Temel Kavramlar
Federated learning can leverage datasets from multiple sources to scale up biomedical vision-language pre-training, but data heterogeneity across clients can significantly degrade the performance. The proposed FedRGB framework introduces a robust guidance-based local training scheme and a distribution-based min-max optimization to learn unbiased cross-modal alignment, effectively mitigating the impact of data heterogeneity.
Özet
The paper addresses the challenge of data heterogeneity in federated biomedical vision-language pre-training (VLP). Conventional federated learning approaches that simply average client models trained on heterogeneous local datasets can lead to biased cross-modal alignment and distorted feature representations.

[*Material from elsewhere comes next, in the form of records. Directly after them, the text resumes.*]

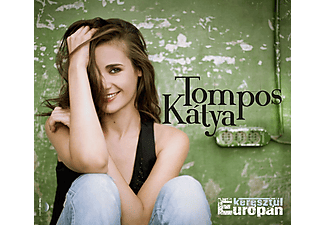 Tompos Kátya - Keresztül Európán (CD)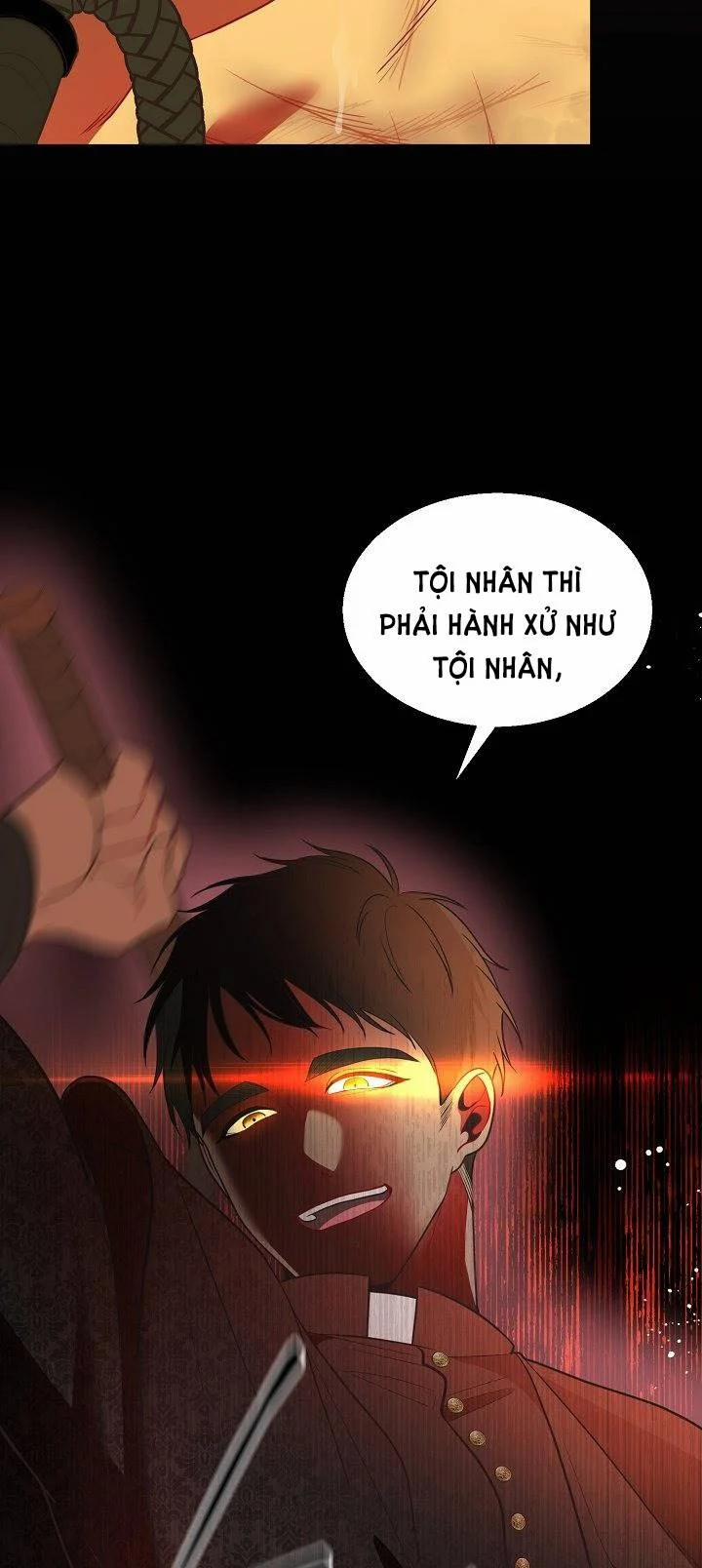 [18+] Đêm Bí Mật Của Thánh Nữ Bị Giam Cầm 27.1 trang 13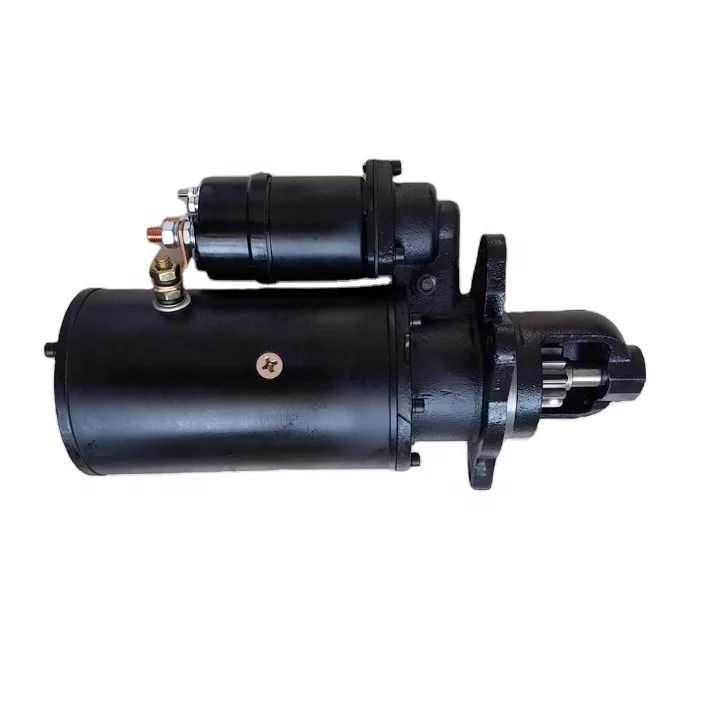 

Diesel D6114 Engine Starter Motor 4110000997293 4110000037001 PS11430 SP101427 D11-101-03B 013614-402114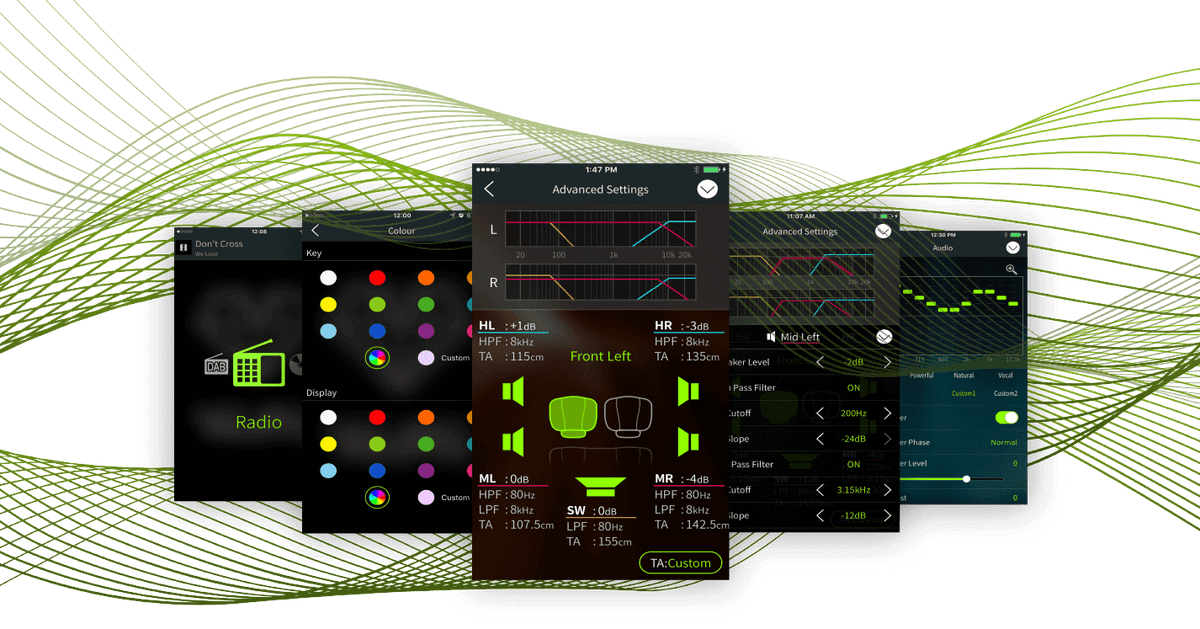 Приложение Pioneer ARC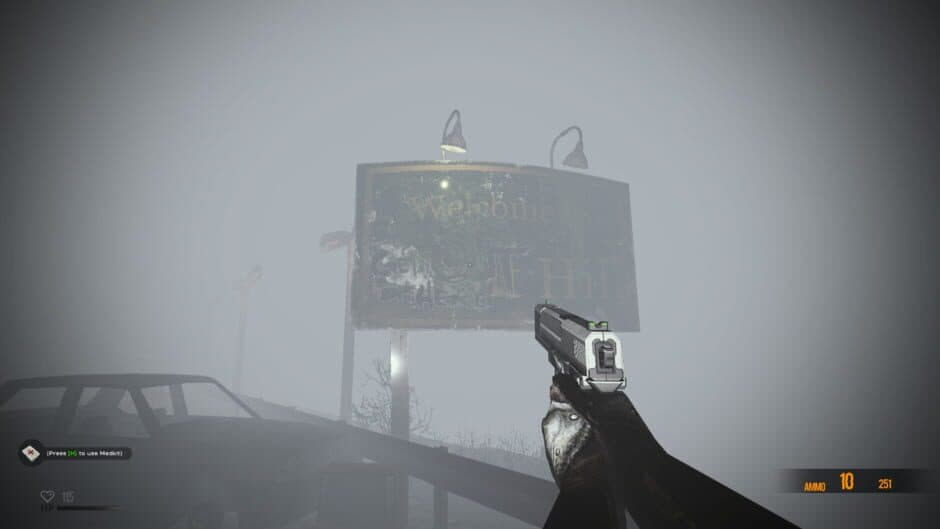 The Nightmare Of Arrival Chapter 1 screenshot 5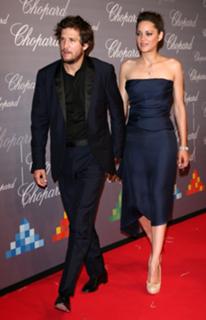 Marion Cotillard feet photo thumbnail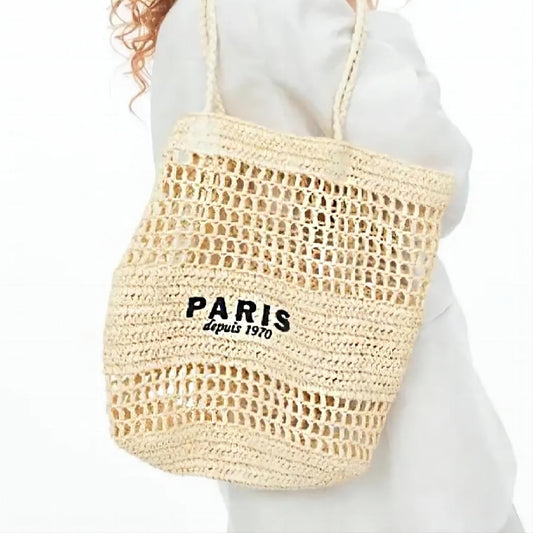 Net Tote – Parisienne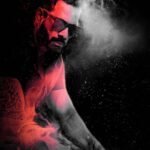 Bharath Instagram - MY CURRENT MINDSET. BLANK & SMOKEY 🤦🏻‍♂️😤. Thanks @kpsujith28 for the wonderful edit !! #quarantine #blankspace #stayinghome #staysafe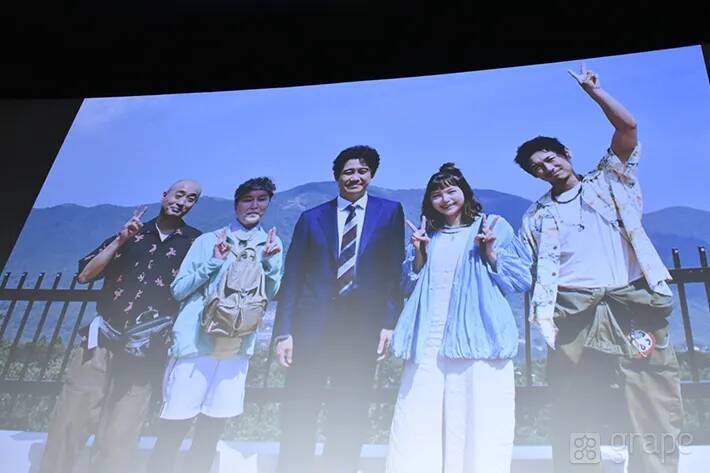 【全文レポート】大泉洋、撮影中に福山雅治のモノマネをして岡田将生を困らせる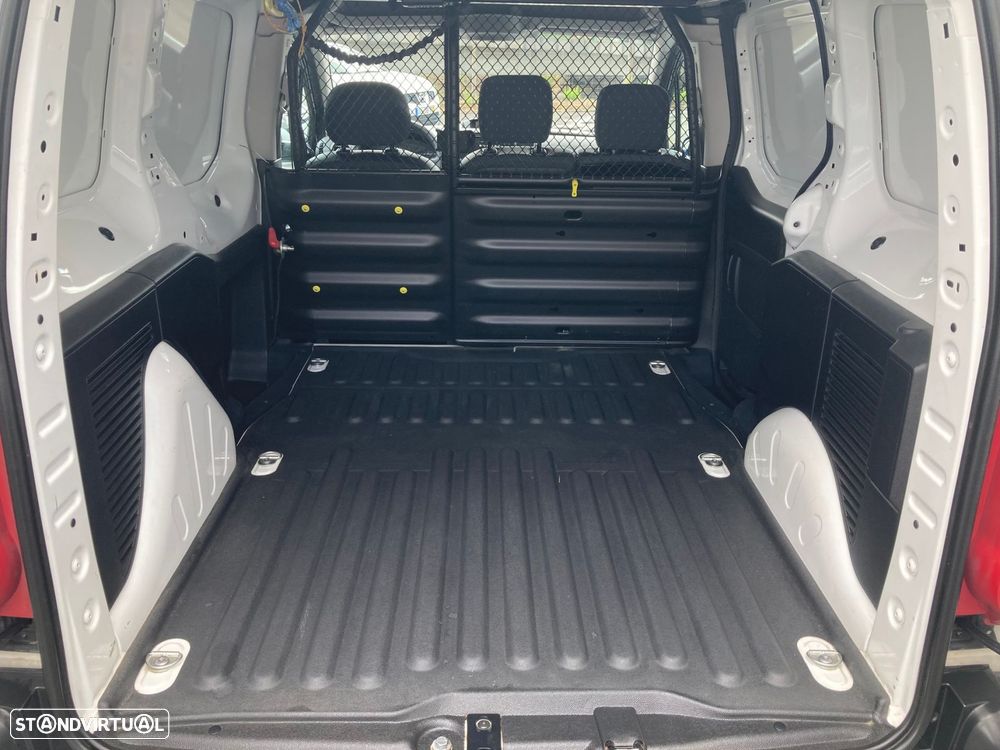 Peugeot Partner 1.6 HDi Confort - 16
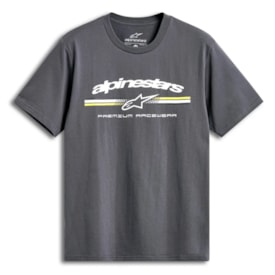 Camiseta Alpinestars Prevail Cinza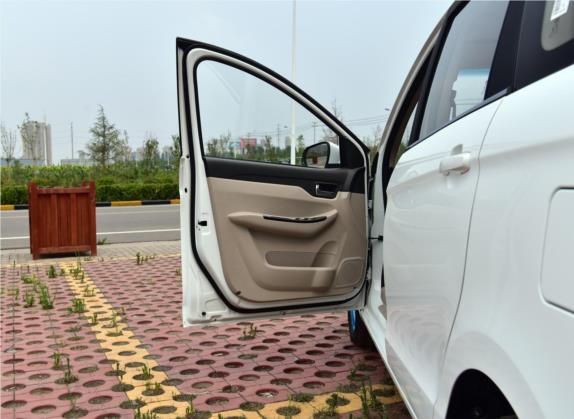 开瑞K50EV 2018款 豪华型EV 车厢座椅   前门板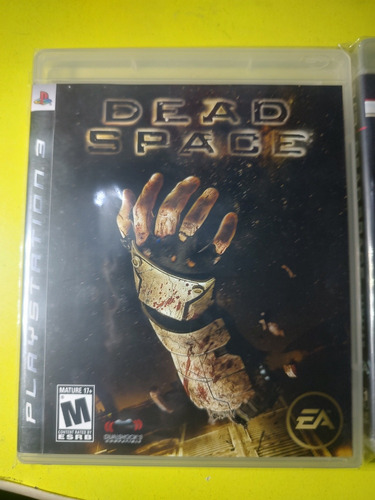 Dead Space Saga 3 Juegos Colleccion Para Ps3
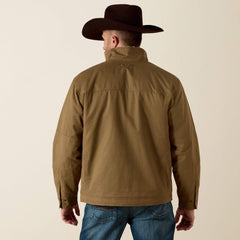 Ariat / Grizzly Canvas Jacket
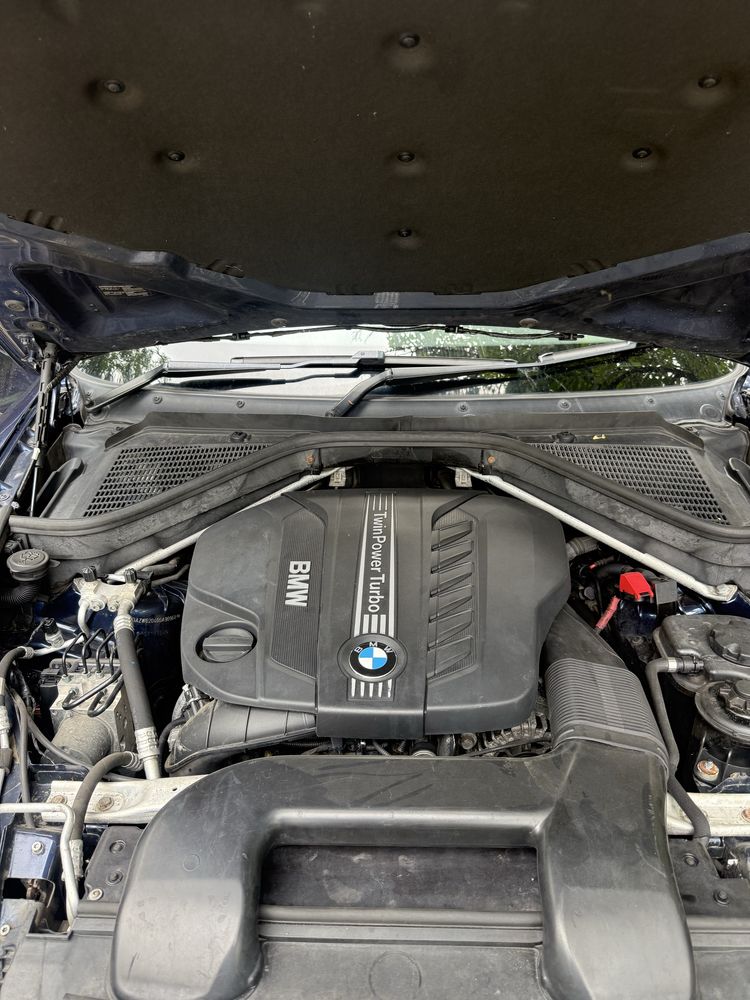 BMW X5 E70 4d 306 М пакет НА ЧАСТИ!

To overcome this issue, the authors propose the FedRGB framework with two key components:
Guidance-based local training: FedRGB introduces a teacher alignment module to provide unbiased cross-modal alignment as guidance during local client training. This helps reduce the distortion on feature encoders caused by fitting heterogeneous local datasets.
Distributionally robust optimization (DRO) for cross-modal alignment: FedRGB employs a DRO-based algorithm to learn a robust teacher alignment module that performs well on the worst-case local data distribution, ensuring unbiased cross-modal alignment.
The experiments on real-world biomedical datasets show that FedRGB successfully promotes efficient federated multimodal learning by mitigating the impact of data heterogeneity. Compared to federated baselines, FedRGB achieves better performance on various downstream tasks, including image-text retrieval, classification, and segmentation. The analysis further demonstrates the robustness and transferability of the FedRGB pre-trained model.
İstatistikler
The paper does not provide specific numerical data or statistics in the main text. The key findings are presented through empirical analysis and comparisons of downstream task performance.
Alıntılar
The paper does not contain any striking quotes that directly support the key logics.